Limud Bar - Bat Mitswa
Usually, on the evening of the Bar Mitswa’s birthday, a Limud, (Lezing, literally ‘Reading’) is organized. Since WW2, also for the Bat Mitswa a Limud is organized.
The general structure is followed. The table shows the specific texts. Although there is no evidence of a fixed selection of Tenach and Mishna for the actual readings, the following is used, based on lists.
Some parts are sung when used
The Ashkenazi parents of Uri Engelsman, friends of JBS' parents, made a Limud on the occasion of his Bar Mitswa in 1960, following the example of JBS' second brother four years earlier (see below list 1956). On the occasion of the Bar Mitswa of Uri's grandson's Lior Yosef in 2022 in Israel, a Limud was held. Uri investigated the background of the selected Limud texts, which can be downloaded.
Recordings: NN, AAV & JBS.
Torah is read with the normal melody.
Sjemot 15: The shira is sung in unison.
Debariem 28:13: Care is taken to chant the concluding words of this section (hayom lishmor wela’asot) on the melody regularly used for the ending of an kapittel (Aliya).
Tehilim are recited. There is a particular chant in use for reciting tehilim. The mizmorim are not said responsively between a leader and the group (except Min Hametzar in Psalm 118).
Psalm 29 is sung in unison on the melody used when returning the Sefer to the Hechal on shabbat.
Psalm 67 is sung in unison.
The bar mitzvah himself reads Psalm 100 (מזמור לתודה)

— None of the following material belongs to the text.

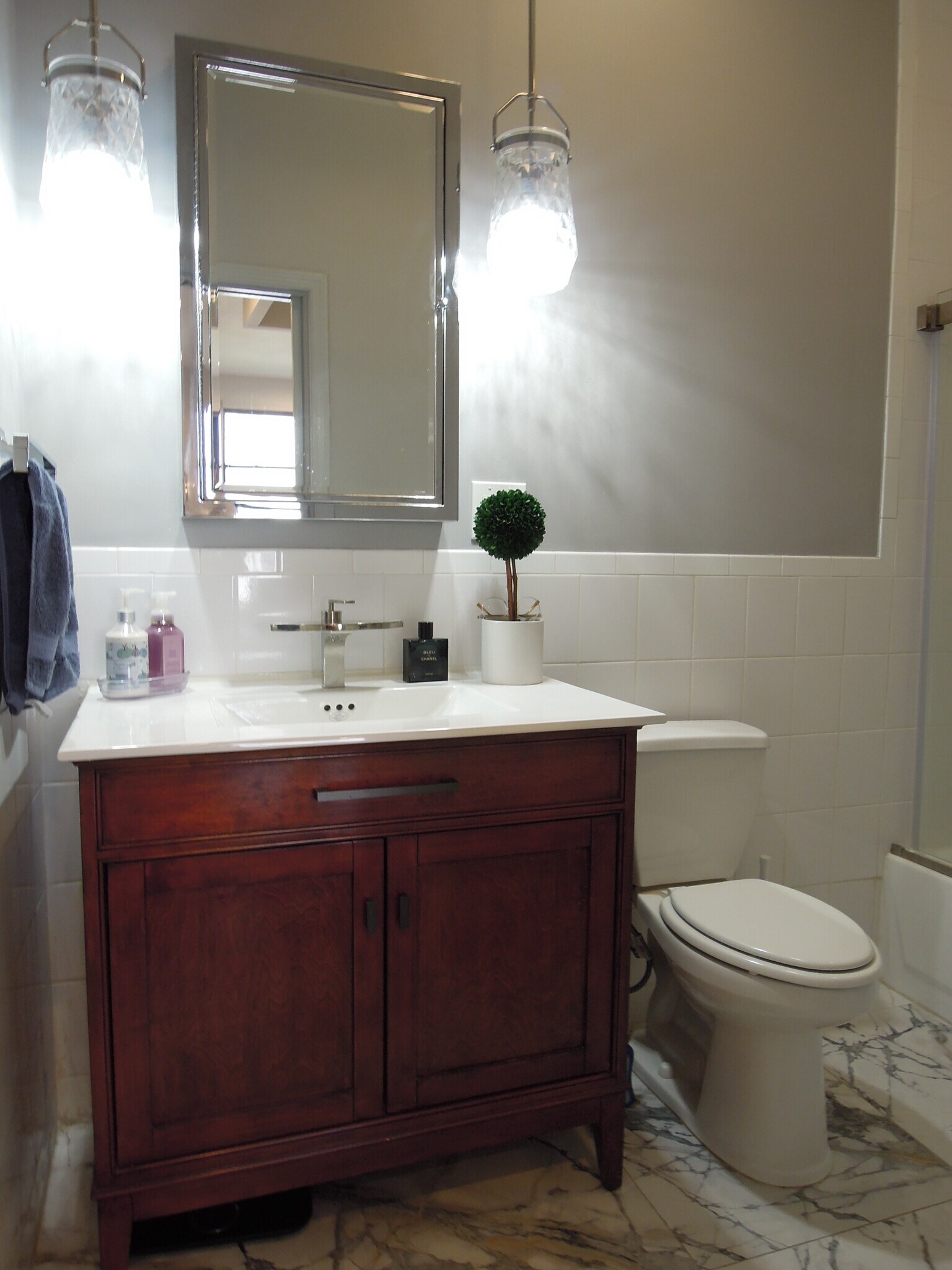 Bath w XL Med Cabinet - 149 W 120th St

Psalms 117 and 118 of the Hallel are chanted responsively with the leader just as in the synagogue on Yom Tob. However, the verses from ‘Odecha’ until ‘Hatzlicha na’ are chanted only once. Another difference is that while in the Synagogue service one single melody ought to be used from ‘Hallelu’ until ‘Hatzlicha na’, the leader of a Lezing has the liberty to switch to a different melody for ‘Odecha’ and again for ‘Ana Hashem’.
Traditionally, four Mishnayot are recited between Kol Yisrael and Ribi Chanaya. Their beginning letters spell the word ‘Chayyim’:חיים
At the end of the Limud, the Rabbi or leader recites a Mi Sheberach. There is no real evidence of written tradition for the text, but the following is currently used:
Next the Bar Mitzvah may deliver a derasha, to be followed by greetings from invited guests and the father. The Rabbi does not give a speech, as he will address the bar Mitzvah on Shabbat following the service.

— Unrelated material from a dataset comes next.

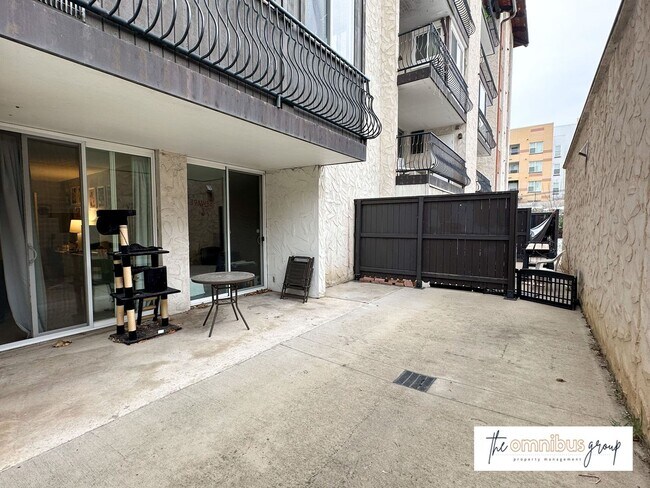 Building Photo - Cozy One Bedroom Near CU!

On the Shabbat the father of the bar mitzvah gets the mitzvah of Acompanhará (walking in front of the Torah when it is brought from the Heichal to the Tebah and back).
The Bar Mitzvah himself is called as Maftir. He is called with name (exceptional, see Haftarah) and he himself reads the Haftarah. In the mi sheberach, the following is added: que Deus o faça gozar muitos anos (that the Lord may grant him many years). As boys under bar mitzvah are called as Maftir as well, the Bar Mitzvah boy must be called to the Torah at Mincha to fulfil the obligation of being called to the Torah.
It is the custom that the bar mitzvah boy goes to his mother for a beracha after he finishes the haphtarah. There is no evidence to the origin of this.
On a bar mitzvah, the golden ponteiro (yad) is used.
During the Service, two boys under the age of bar mitzvah, so called Padrinhos, accompany the bar mitzvah boy wherever he goes.
If the bar mitzvah boy is a Cohen, the duchan is sung in the melody of the Regalim. For the washing, the large “Queen of Sheba” laver is used.